-------- Record set

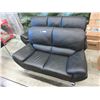 Image 1 : Leather Sofa & Loveseat - Used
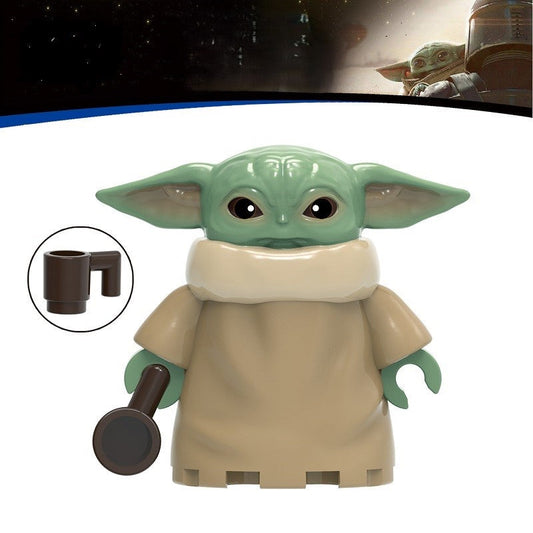 Baby Yoda with a Cup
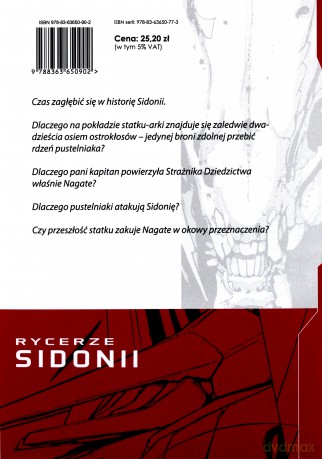 Rycerze Sidonii (Tom 3) - Tsutomu Nihei [KOMIKS]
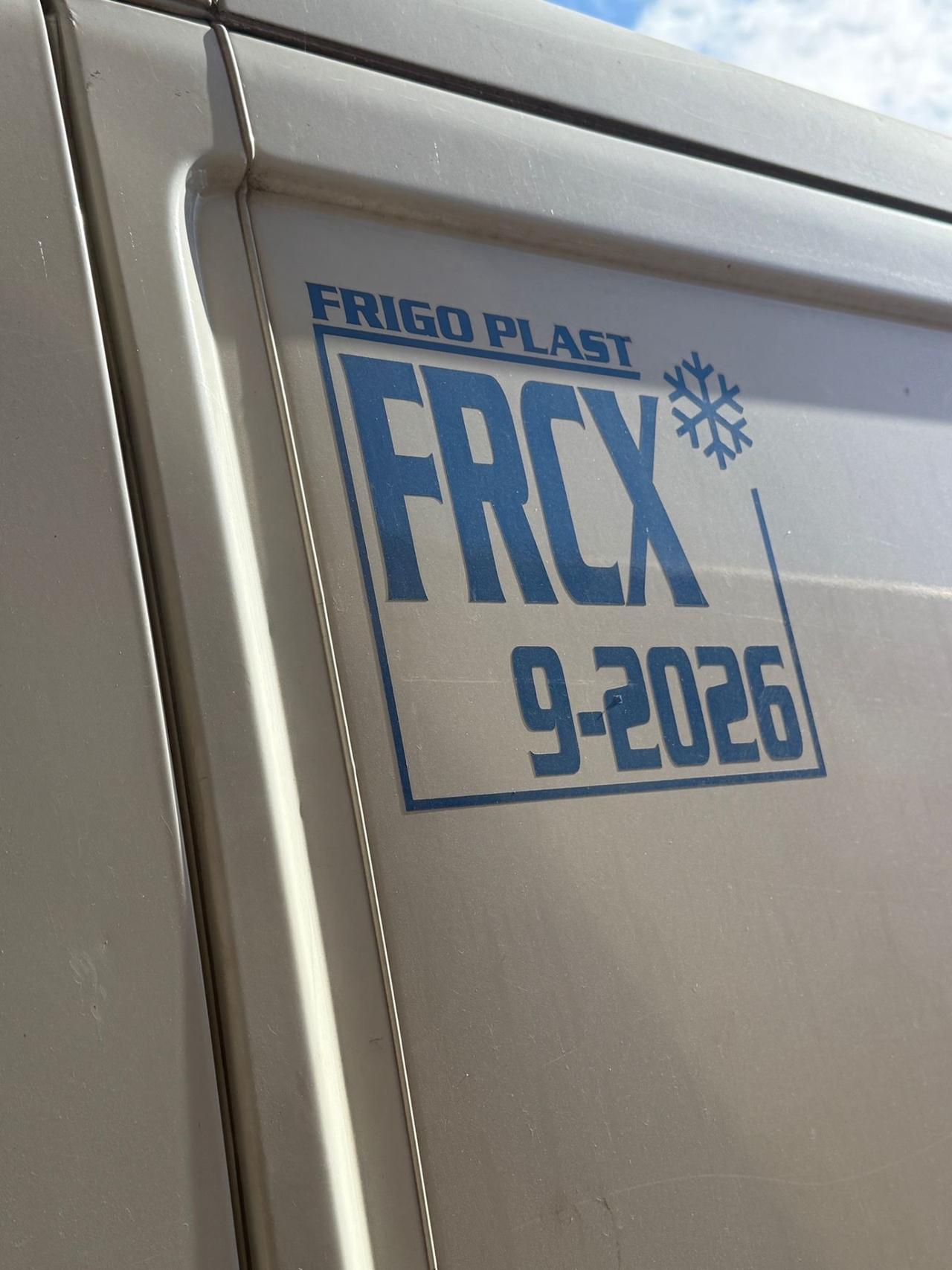 Citroen Jumper 33 BlueHDi 140cv isotermico frigo z380
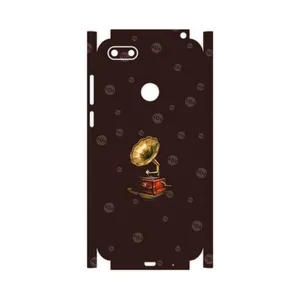 MAHOOT Gramophone Nostalgia-FullSkin Cover Sticker for Motorola Moto E6 Play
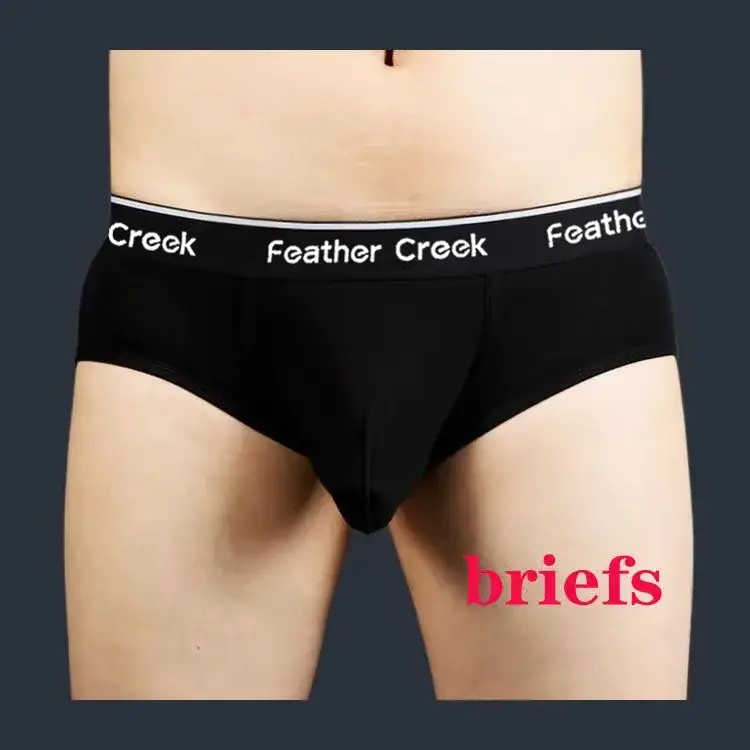 2026 Men's U-Shaped Large Bag Underwear Sexy Briefs Comfortable Innerwear for Men — image 4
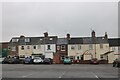 Rear of houses in Belper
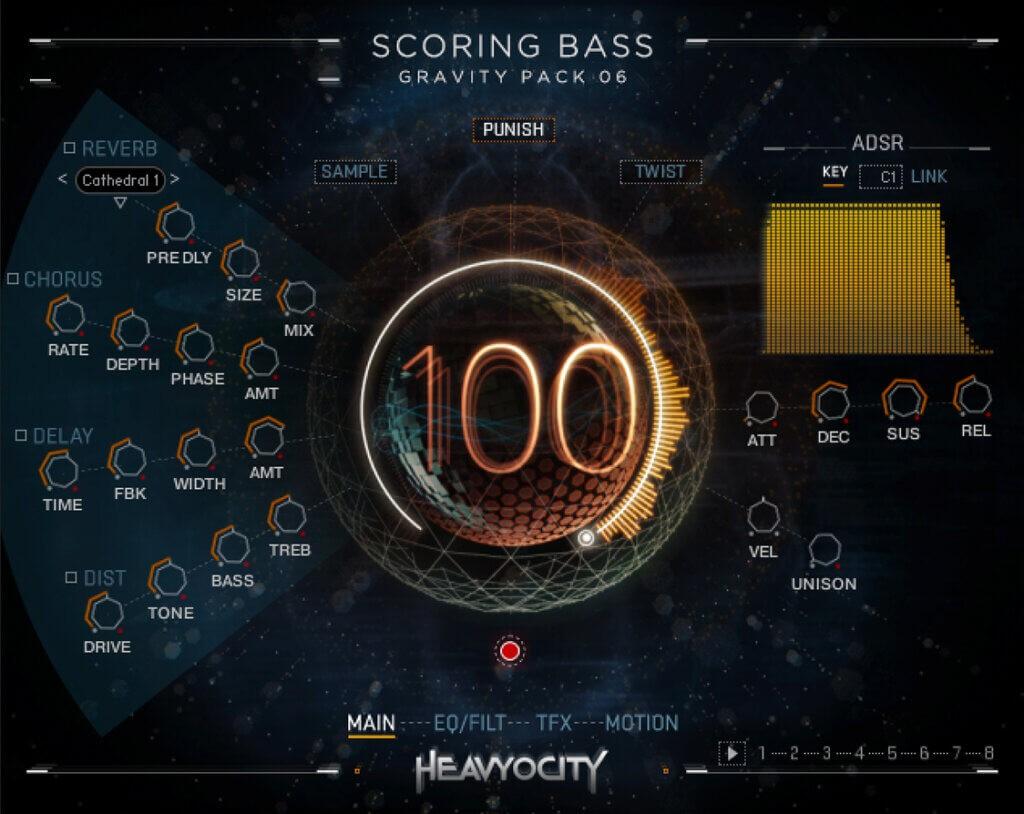 Heavyocity - Scoring Bass - Content Overview gallery thumbnail
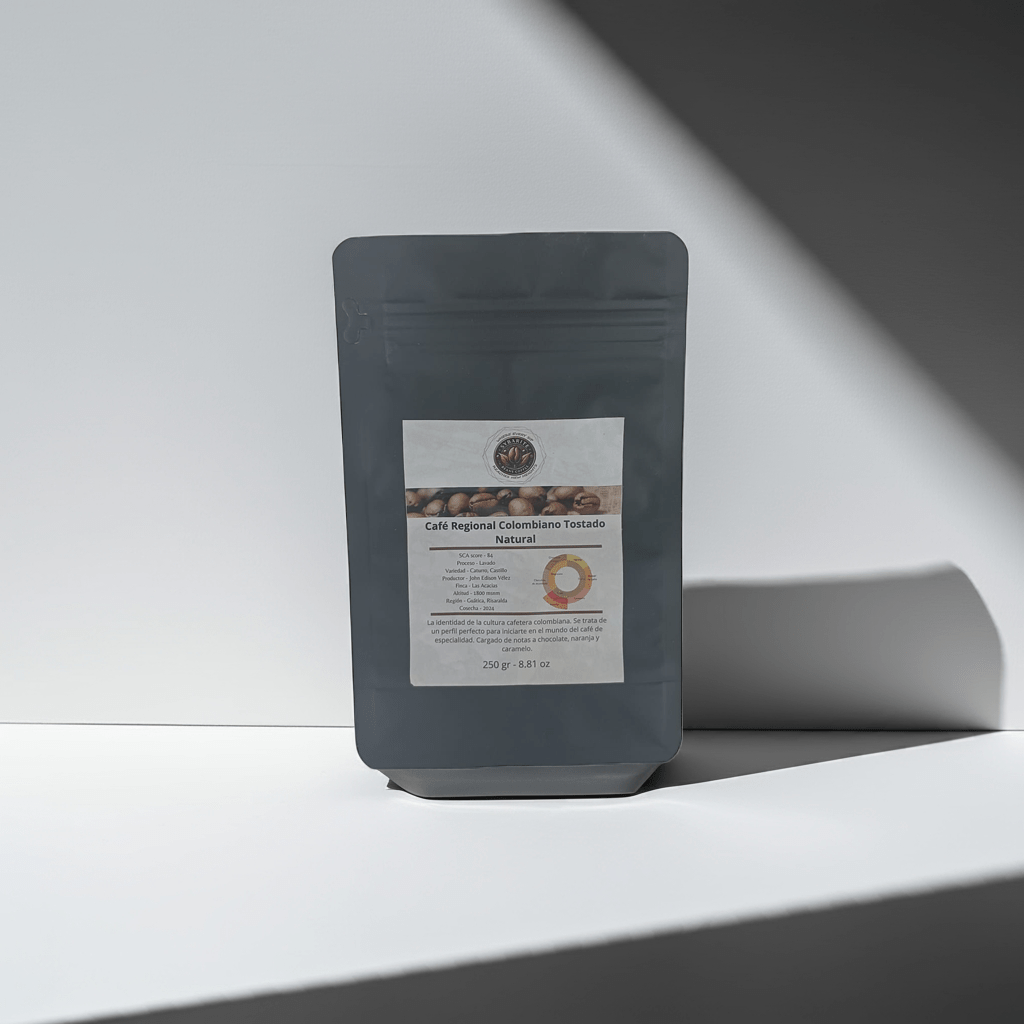 Café Regional Colombiano Tostado Natural - SybariteCoffee
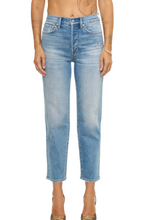 Load image into Gallery viewer, Charlie High Rise Straight Leg Jean in Spruce
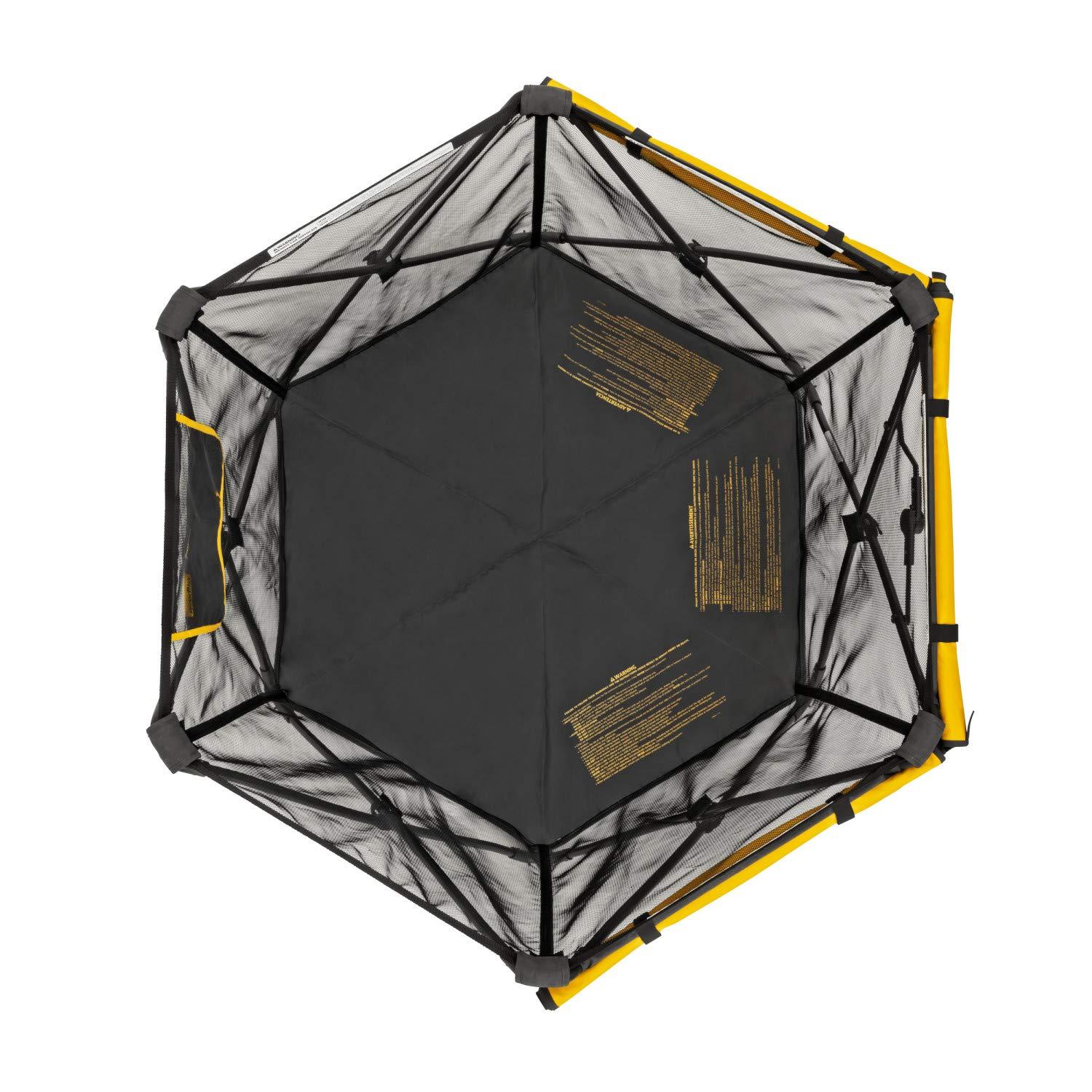 imageEvenflo PlayAway Portable Playard Deluxe Adventurer 15 Sq Ft Pack of 1Adventurer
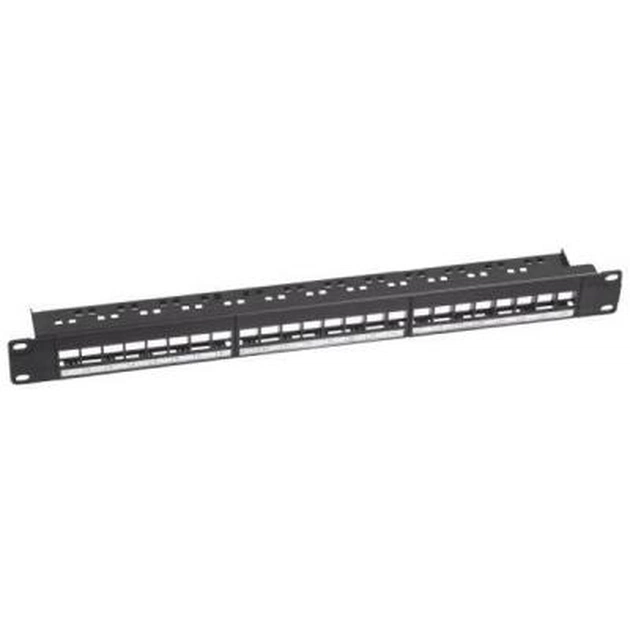 Патч-панель Eserver 19" 1U 24 порти, набірна (WT-2040A) - изображение 1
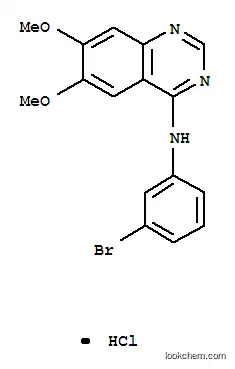 Molecular Structure of 183322-45-4 (PD153035 HCl)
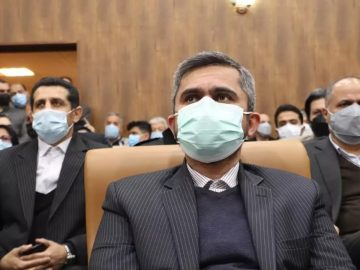 گزارش تصویری آیین تکریم و معارفه مدیر کل ورزش و جوانان گیلان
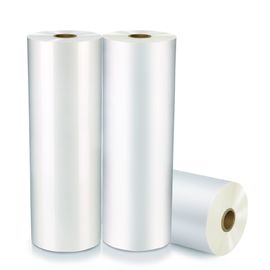 فیلم چند لایه اکستروژن PET شن و ماسه فیلم لمینیت گرما برای پوشش کتاب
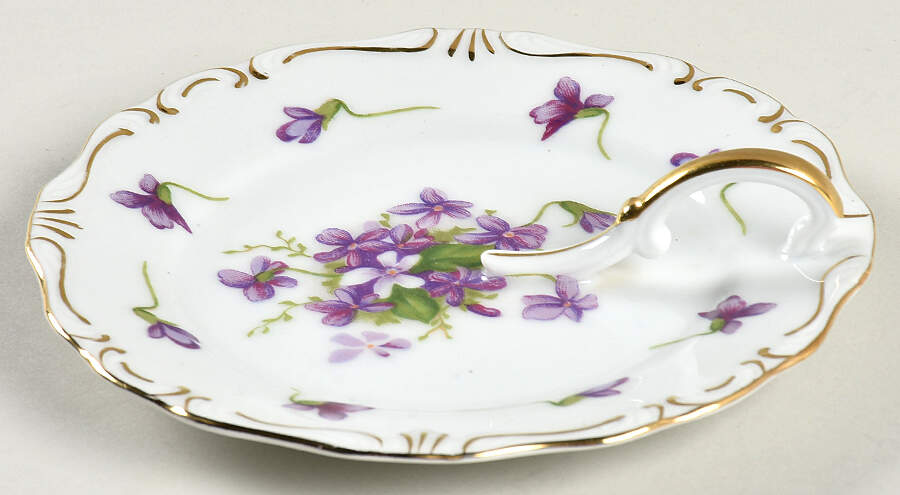 Spring Violets Lemon Dish by Rossetti-1
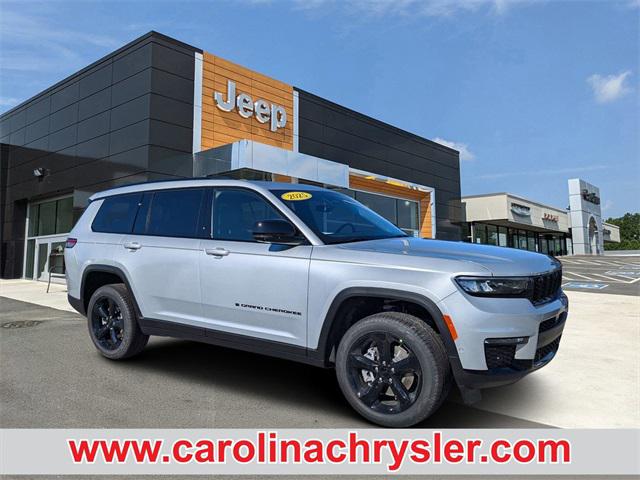 2025 Jeep Grand Cherokee GRAND CHEROKEE L LIMITED 4X4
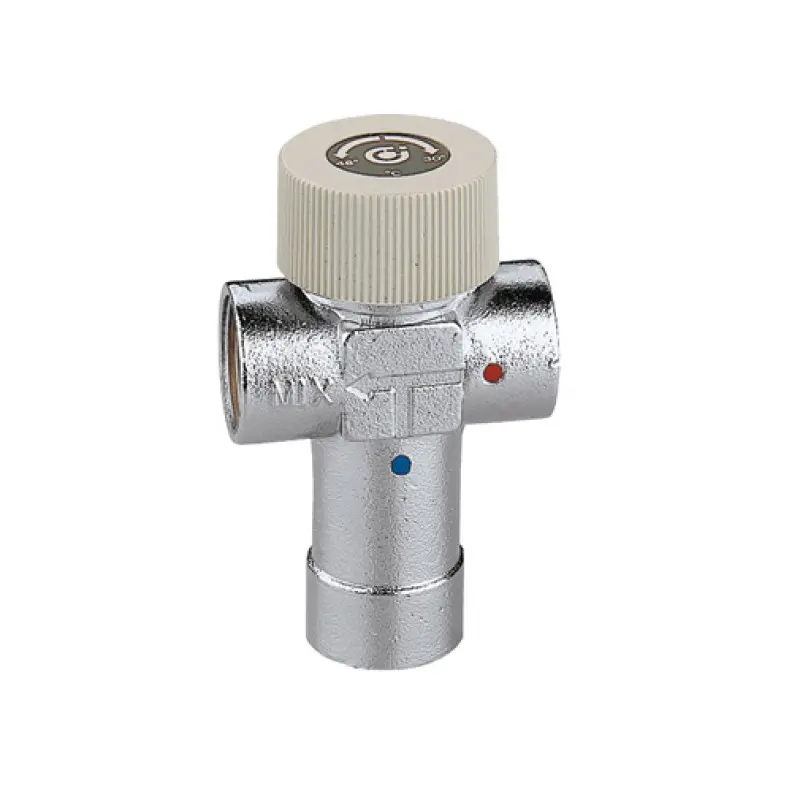 Válvula misturadora termostática Caleffi 1/2" 30 a 48ºC Válvula misturadora termostática Caleffi 1/2" 30 a 48ºC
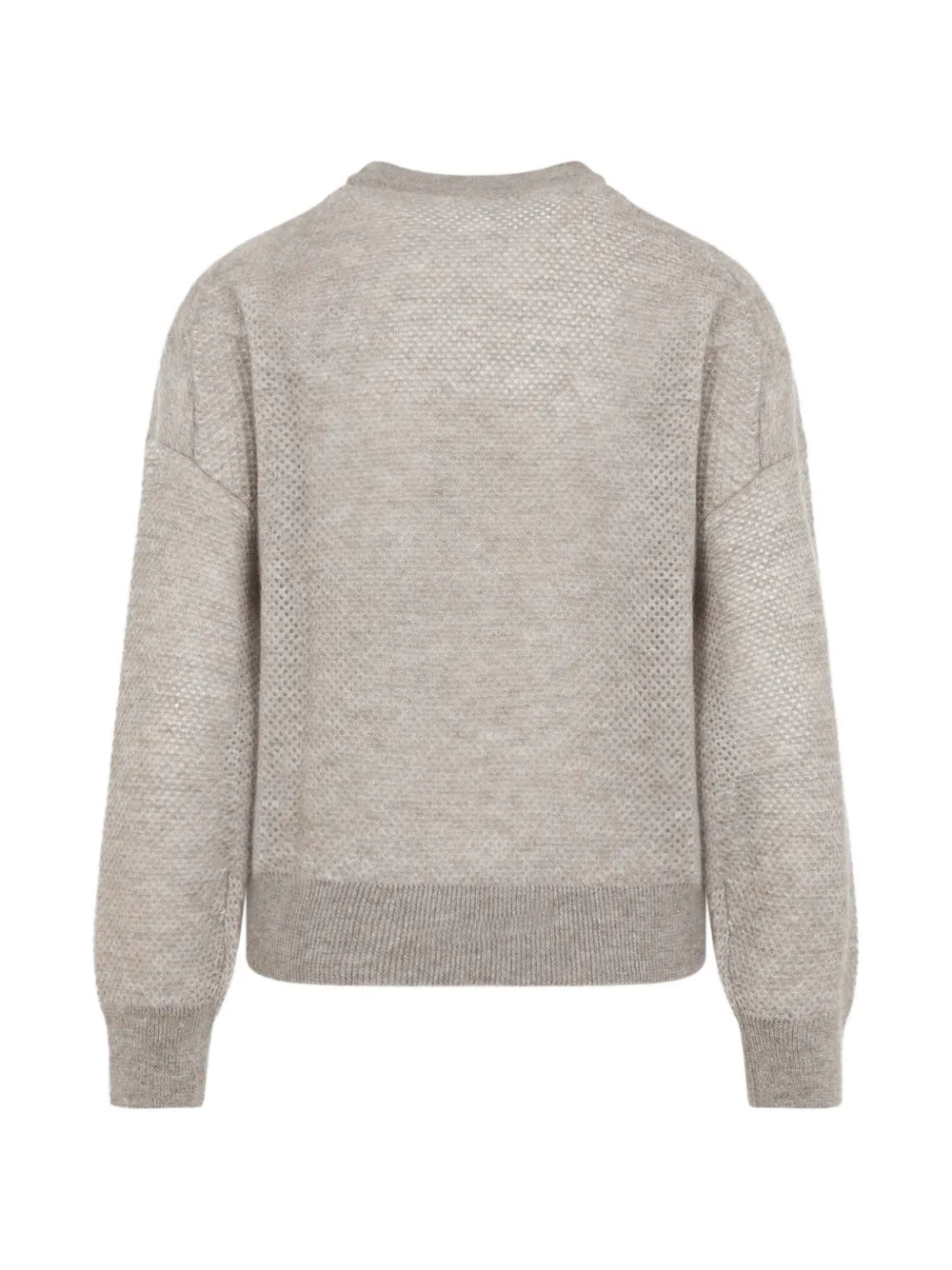 Brunello Cucinelli Opengebreide trui Beige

----------------

From the line with "گزارش تصویری آیین" down to the last line of the records above, restate each line verbatim, passing over any picture.

» **Solution to the problem**:
 گزارش تصویری آیین تکریم و معارفه مدیر کل ورزش و جوانان گیلان
 فیلم چند لایه اکستروژن PET شن و ماسه فیلم لمینیت گرما برای پوشش کتاب
 Spring Violets Lemon Dish by Rossetti-1
 2025 Jeep Grand Cherokee GRAND CHEROKEE L LIMITED 4X4
 Válvula misturadora termostática Caleffi 1/2" 30 a 48ºC Válvula misturadora termostática Caleffi 1/2" 30 a 48ºC
 Brunello Cucinelli Opengebreide trui Beige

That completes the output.